#### WORK INSTRUCTION
Every line from the one containing "APIVITA Express Beauty, intensyviai" to the end of the records below should be returned exactly; pictures are to be dropped.

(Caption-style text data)
=-=-=-=-=

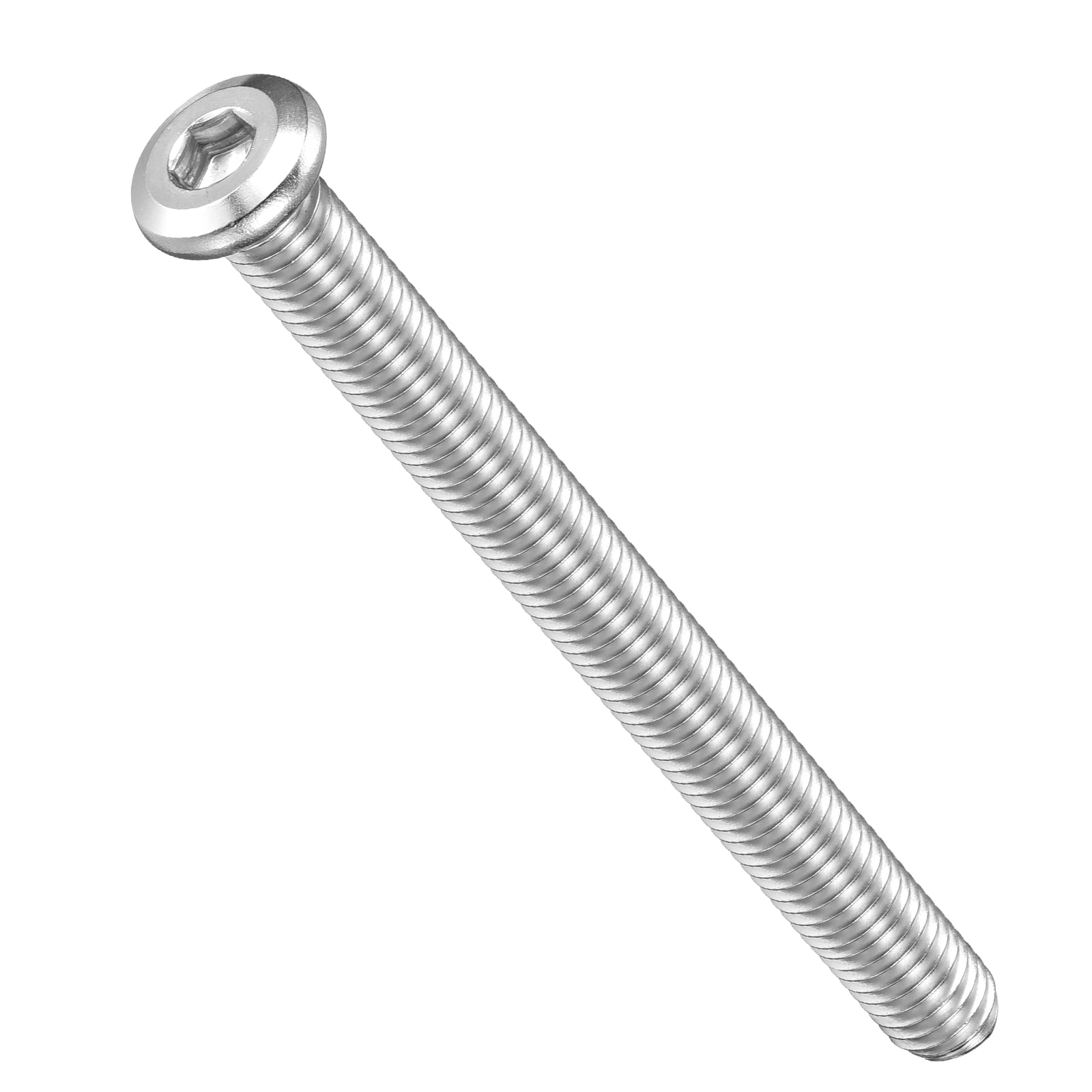 Flat Head Hex Socket Cap Screws Bolts(M8-1.25x90) 10Pcs, 304 Stainless Steel Hex Socket Furniture Bolts Countersunk Screws - for Furniture Woodworking Project, Silver Tone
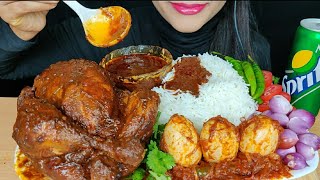 ASMR:EATING SPICY WHOLE CHICKEN CURRYEGGMASALA WIT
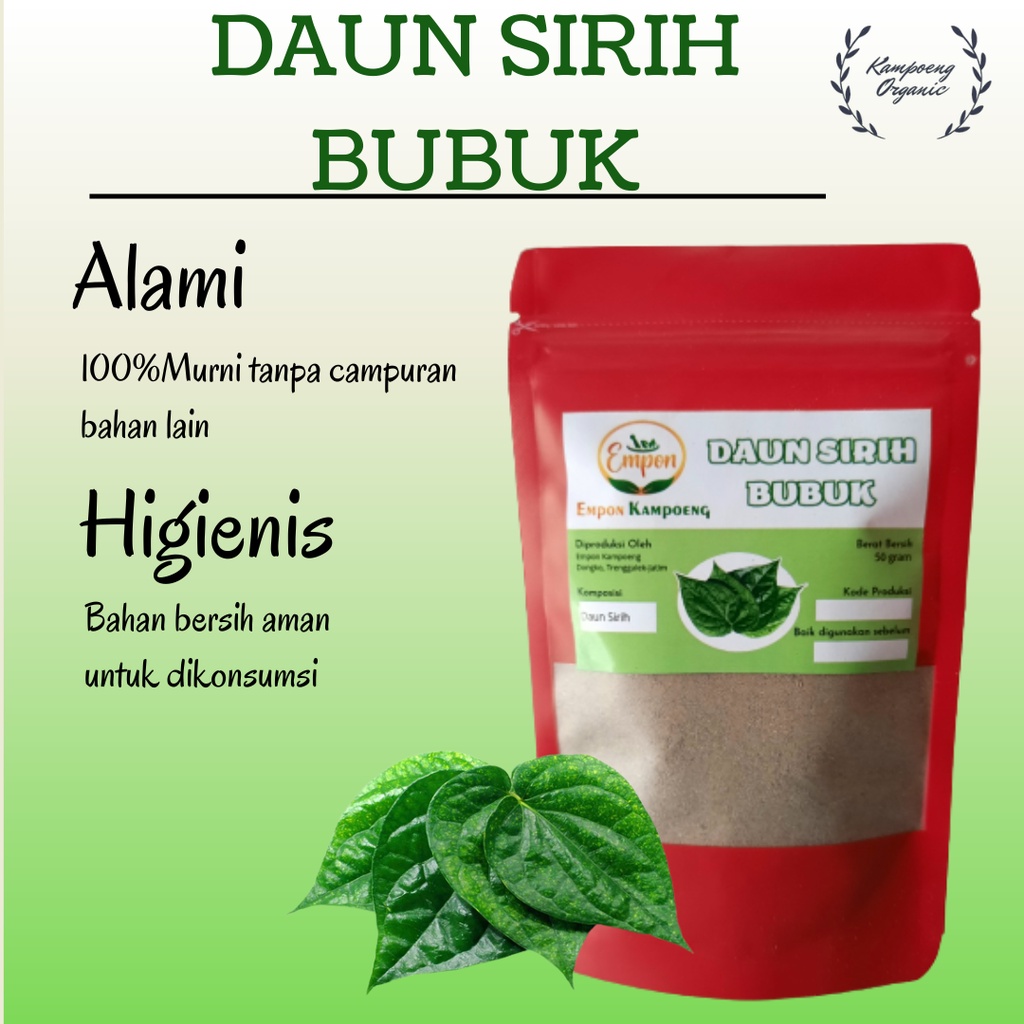 

Minuman Jamu Tradisional Daun Sirih Bubuk Serbuk Herbal Asli Murni Alami Original Organik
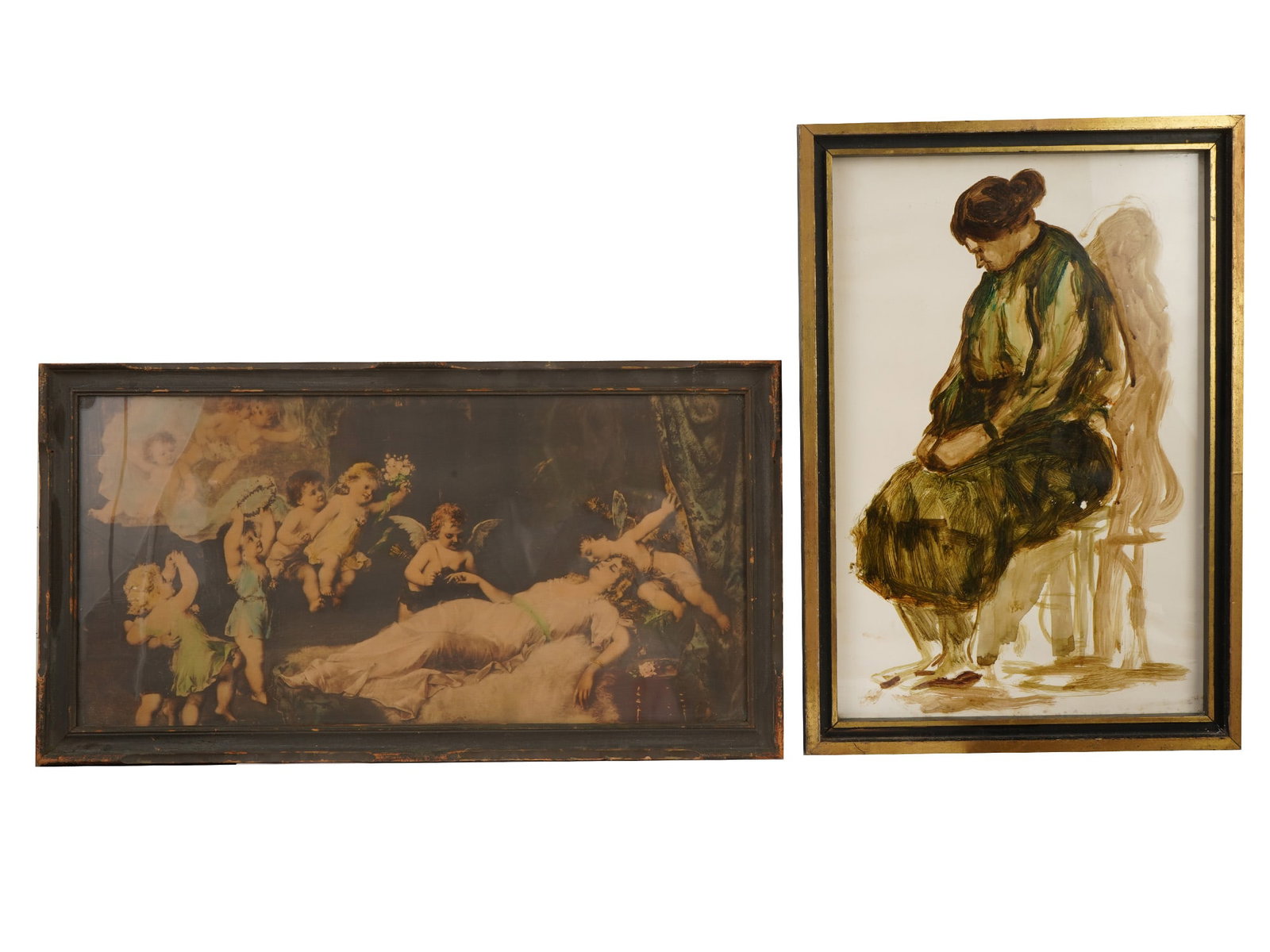 VINTAGE PAINTING AND LITHOGRAPH AFTER FRANZ LEFLER: A lot of two vintage artworks on paper. First. Hand-colored lithograph, after the painting titled Wedding Dream by Austrian artist Franz Lefler, 1831 to 1898. Second. Watercolor painting, sketch of a 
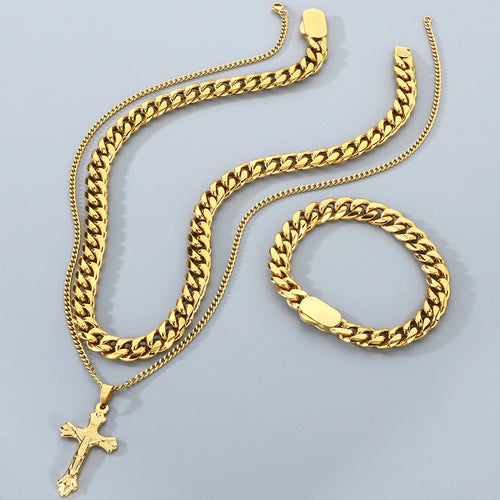 Cross Gold Chain & Bracelet Set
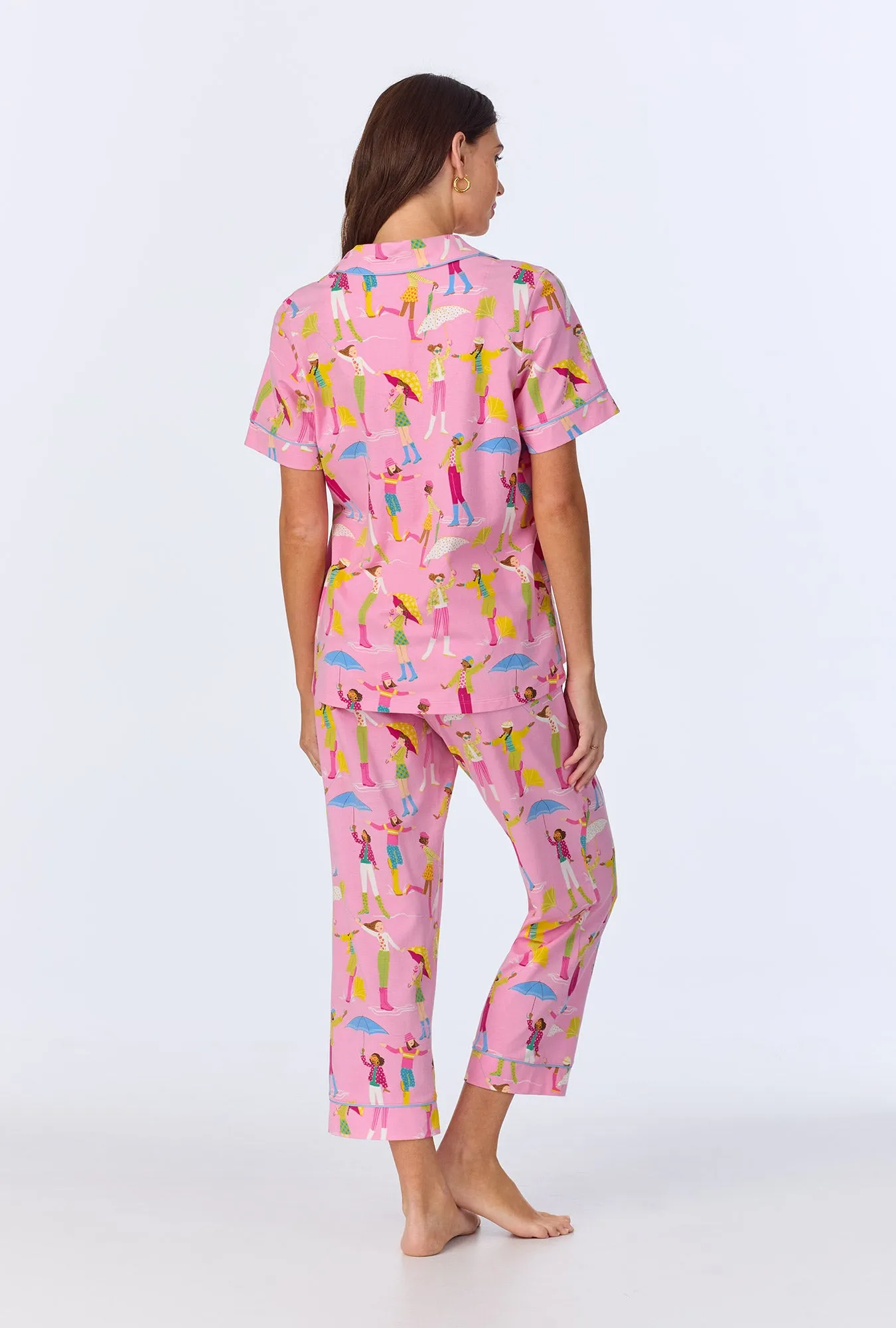 Spring Showers Short Sleeve Classic Stretch Jersey Cropped PJ Set sold by BedHead product image thumbnail 3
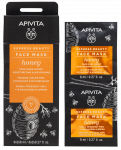 APIVITA Express Beauty, intensyviai maitinanti su medumi veido kaukė, 2 vnt.
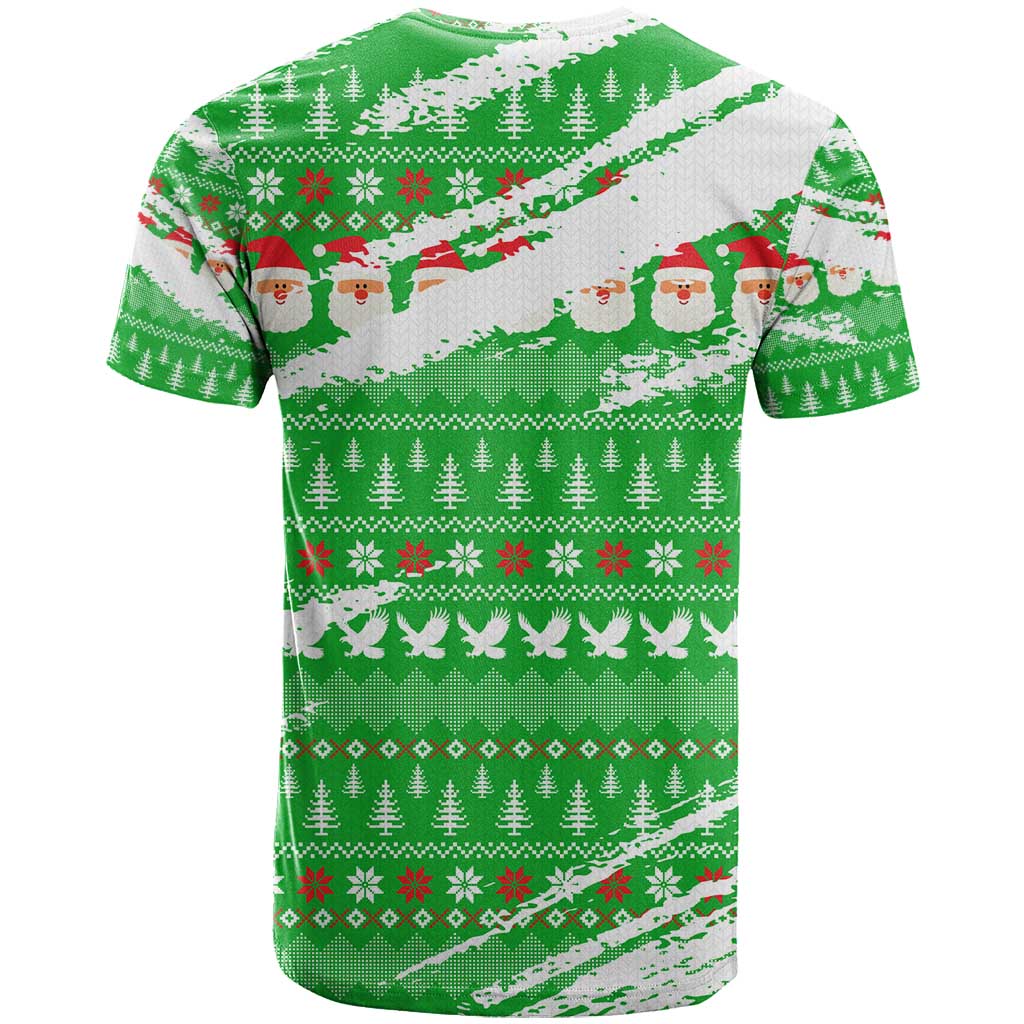 Djibouti Christmas T shirt Santa Eagle Doves Trees and Green Snowflake - African Pride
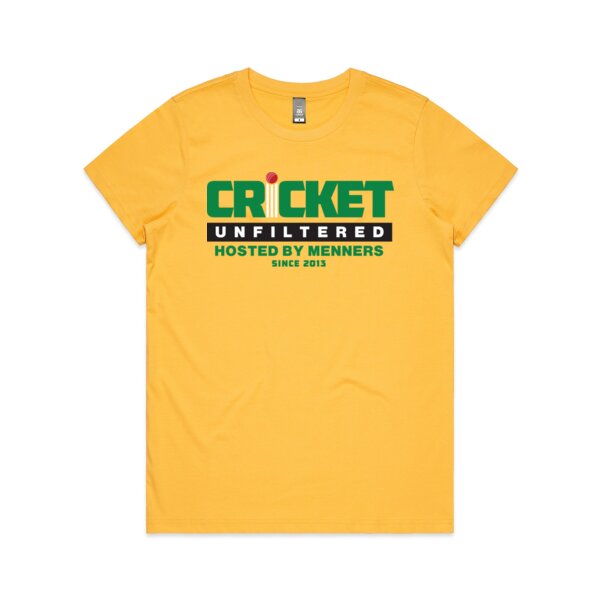 Women's green Cricket Unfiltered logo t-shirt Thumbnail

=-=-=-=-=

#### OUTPUT OF THE EXERCISE
 APIVITA Express Beauty, intensyviai maitinanti su medumi veido kaukė, 2 vnt.
 Djibouti Christmas T shirt Santa Eagle Doves Trees and Green Snowflake - African Pride
 Women's green Cricket Unfiltered logo t-shirt Thumbnail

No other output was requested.